### [Try it]
Transcribe all data verbatim. Skip the pictures.

### [Provided material]
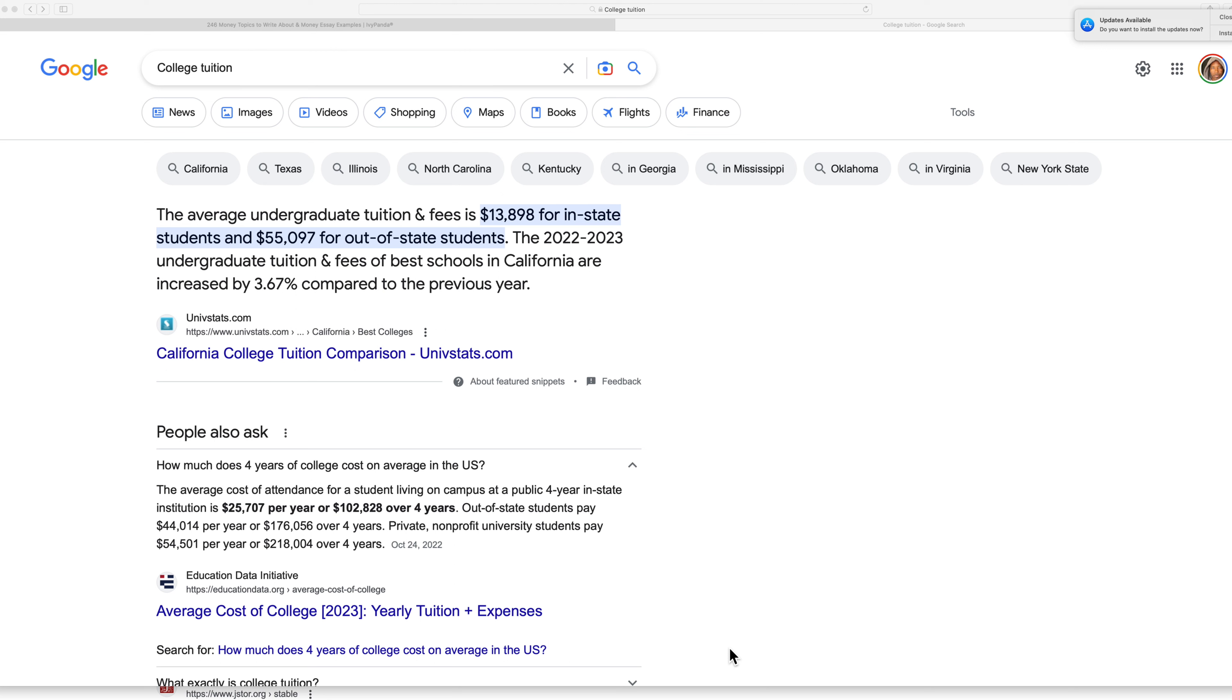So those are my thoughts on taking out student loans to go to college or vocational school. It's not a bad idea, you just got to be careful or strategic when you're doing it. All right.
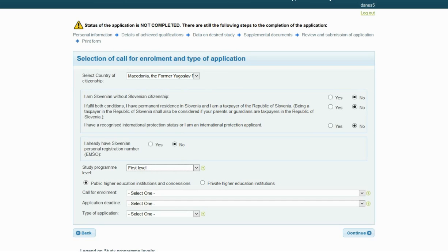If you choose public higher education institutions and concessions, only application deadlines and types of application to those institutions will open. This video shows the process of enrolling in the Faculty of Economics in Ljubljana, which is a member of the University of Ljubljana. Enrollment places for citizens of the Member States of the European Union are the same as for citizens of the Republic of Slovenia. These enrollment places are also available for foreign citizens from countries that are not member states of the European Union who have permanent residence in Slovenia and who themselves or their parents are residents of the Republic of Slovenia for tax purposes. The enrollment places available for Slovenians without Slovenian citizenship and foreign citizens are specified separately.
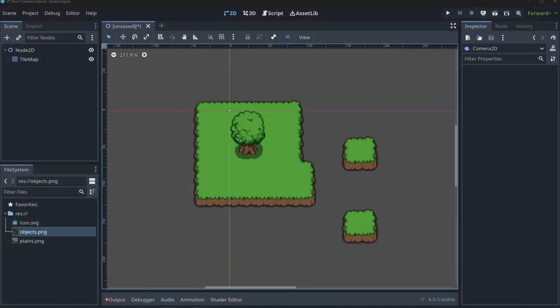The first thing we need to do is add a camera. Now you might wonder why there's additional stuff here. It's really hard to tell if you have a pan, zoom, and rotate working if you don't have any kind of tile map to see how the camera is reacting. So I already pre-built a tile map here just so we had something to look at. If you want this tile map, I have a link to it in the description below and you can download it for free, though there is a paid premium version as well.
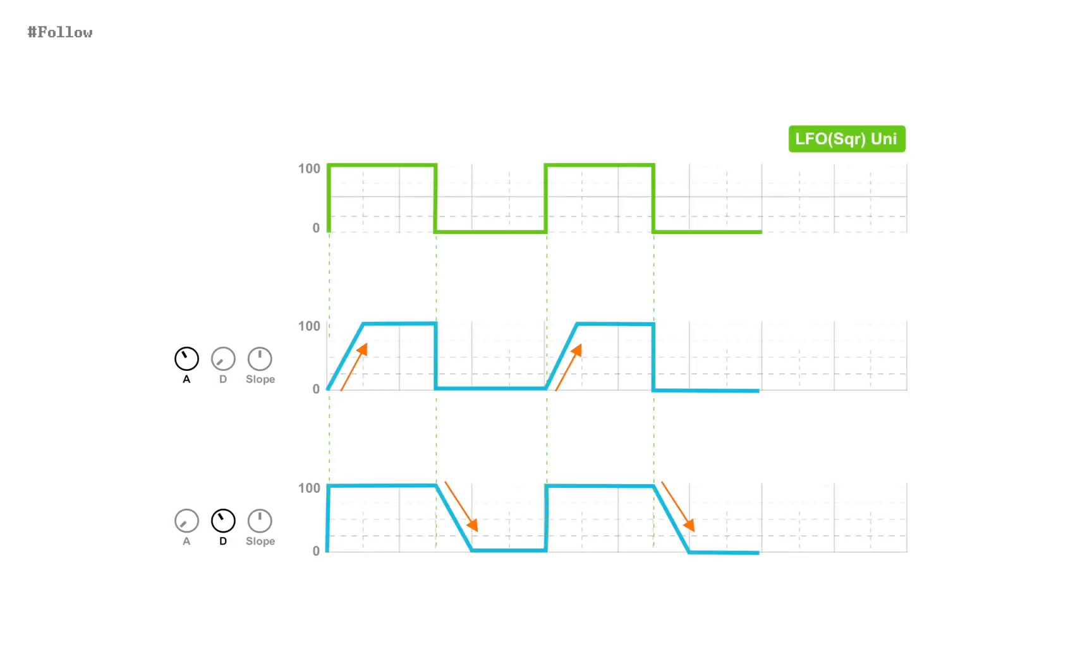In this mode, attack means chasing speed going up, while decay means chasing speed going down. Let's watch how it works.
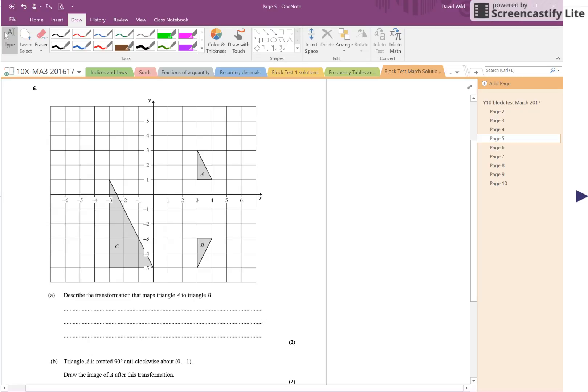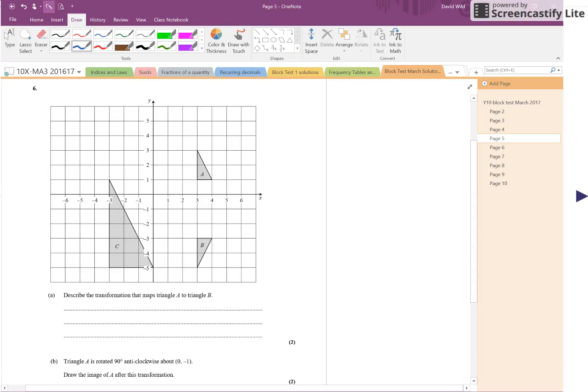Okay, question six now. It starts off, we've got these three triangles labelled A, D and C here.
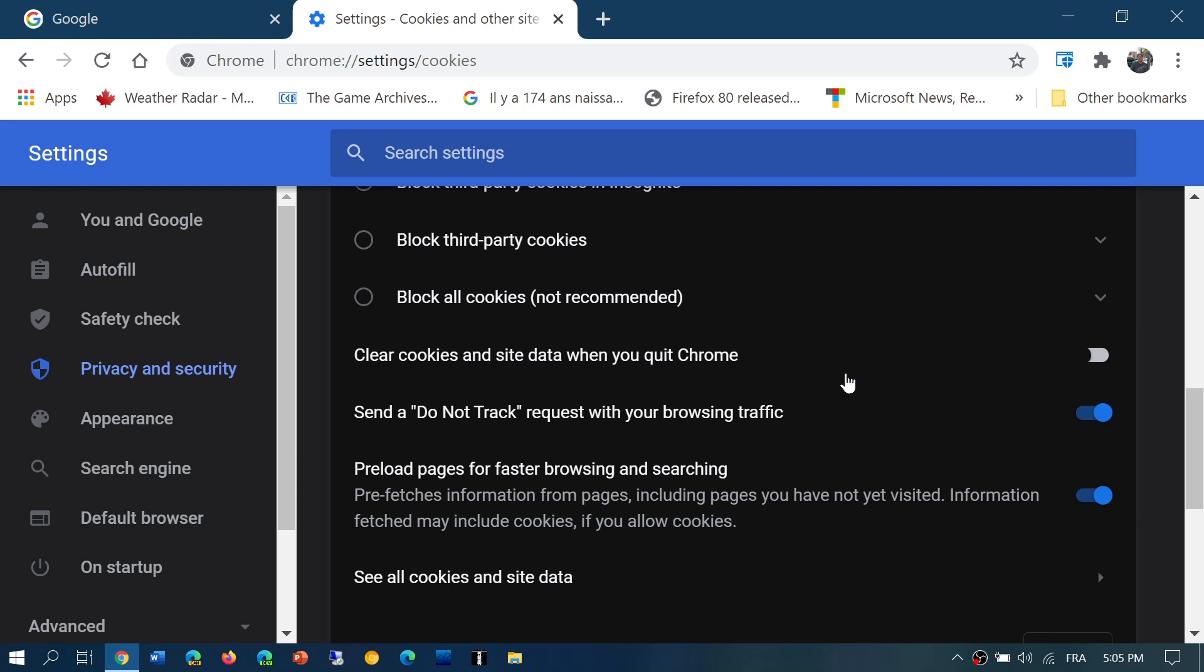You can send a do not track request. Do not track requests are honestly kind of a little dumb because most websites ignore the do not track. When a do not track is sent to a website, it's the website that decides if they will obey the rules or not. Most of the time they don't. You can still leave it on. There are a few websites that do want to keep your privacy and will honor that do not track. They will actually try their best not to track you using this option.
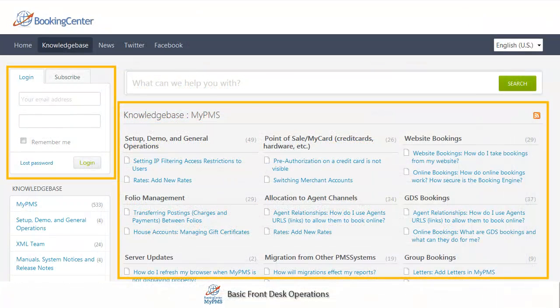Congratulations! You have just learned the basic front desk operations on booking details. For step-by-step instructions and examples, please refer to our online documentation. We hope you enjoy your use of the Booking Center MyPMS software.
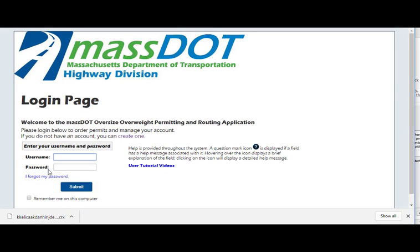Welcome to OASIS, Massachusetts' Oversized Access State Interstate System. This concludes the OASIS user tutorial video on how to create a new account.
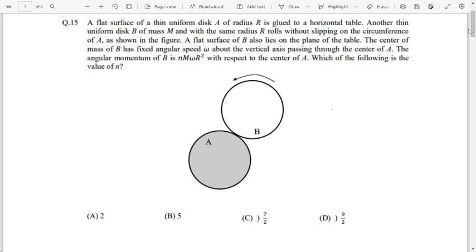Hi dear students. Let's see this question that came in JEE Advanced 2022, Paper 2, Physics. This was a question from rotational motion and this was a single choice correct question. So if you get this right, you get plus 3; if you get this wrong, you get minus 1; otherwise you get 0.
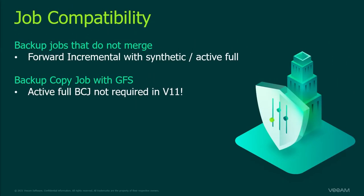To use the immutability feature select the forward incremental backup chain with active full backups or synthetic full backups when you are configuring the jobs. For backup copy jobs set up a GFS retention policy otherwise you will not be able to use the immutability feature. Please remember immutability retention overrides the job retention. If the job retention period is shorter than the immutability period Veeam will not delete the backup files when the retention period is over but only when the immutability period expires.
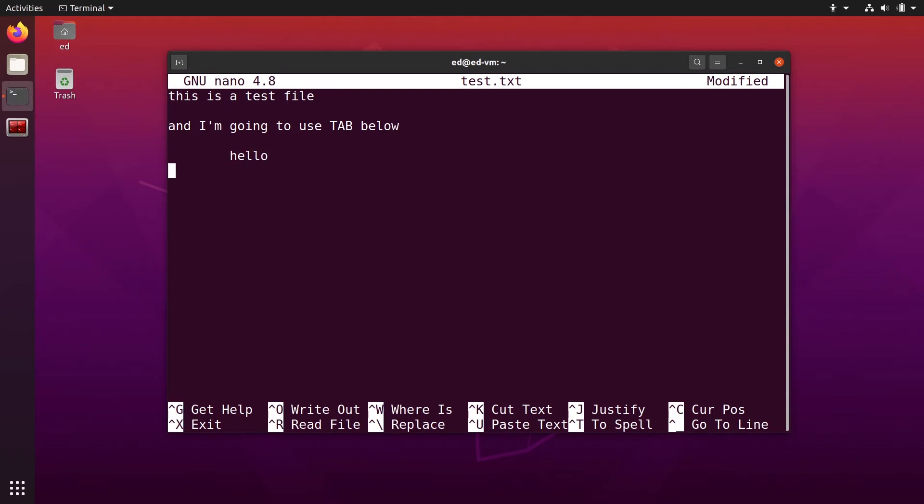So what you could do is just instead of use tab, you could use just spaces like that. But I mean, you don't want to just use spaces. You want to use the tab and you want to make sure the tab converts to the spaces you want.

### [Output of the task]
So those are my thoughts on taking out student loans to go to college or vocational school. It's not a bad idea, you just got to be careful or strategic when you're doing it. All right.
If you choose public higher education institutions and concessions, only application deadlines and types of application to those institutions will open. This video shows the process of enrolling in the Faculty of Economics in Ljubljana, which is a member of the University of Ljubljana. Enrollment places for citizens of the Member States of the European Union are the same as for citizens of the Republic of Slovenia. These enrollment places are also available for foreign citizens from countries that are not member states of the European Union who have permanent residence in Slovenia and who themselves or their parents are residents of the Republic of Slovenia for tax purposes. The enrollment places available for Slovenians without Slovenian citizenship and foreign citizens are specified separately.
The first thing we need to do is add a camera. Now you might wonder why there's additional stuff here. It's really hard to tell if you have a pan, zoom, and rotate working if you don't have any kind of tile map to see how the camera is reacting. So I already pre-built a tile map here just so we had something to look at. If you want this tile map, I have a link to it in the description below and you can download it for free, though there is a paid premium version as well.
In this mode, attack means chasing speed going up, while decay means chasing speed going down. Let's watch how it works.
Okay, question six now. It starts off, we've got these three triangles labelled A, D and C here.
You can send a do not track request. Do not track requests are honestly kind of a little dumb because most websites ignore the do not track. When a do not track is sent to a website, it's the website that decides if they will obey the rules or not. Most of the time they don't. You can still leave it on. There are a few websites that do want to keep your privacy and will honor that do not track. They will actually try their best not to track you using this option.
Congratulations! You have just learned the basic front desk operations on booking details. For step-by-step instructions and examples, please refer to our online documentation. We hope you enjoy your use of the Booking Center MyPMS software.
Welcome to OASIS, Massachusetts' Oversized Access State Interstate System. This concludes the OASIS user tutorial video on how to create a new account.
Hi dear students. Let's see this question that came in JEE Advanced 2022, Paper 2, Physics. This was a question from rotational motion and this was a single choice correct question. So if you get this right, you get plus 3; if you get this wrong, you get minus 1; otherwise you get 0.
To use the immutability feature select the forward incremental backup chain with active full backups or synthetic full backups when you are configuring the jobs. For backup copy jobs set up a GFS retention policy otherwise you will not be able to use the immutability feature. Please remember immutability retention overrides the job retention. If the job retention period is shorter than the immutability period Veeam will not delete the backup files when the retention period is over but only when the immutability period expires.
So what you could do is just instead of use tab, you could use just spaces like that. But I mean, you don't want to just use spaces. You want to use the tab and you want to make sure the tab converts to the spaces you want.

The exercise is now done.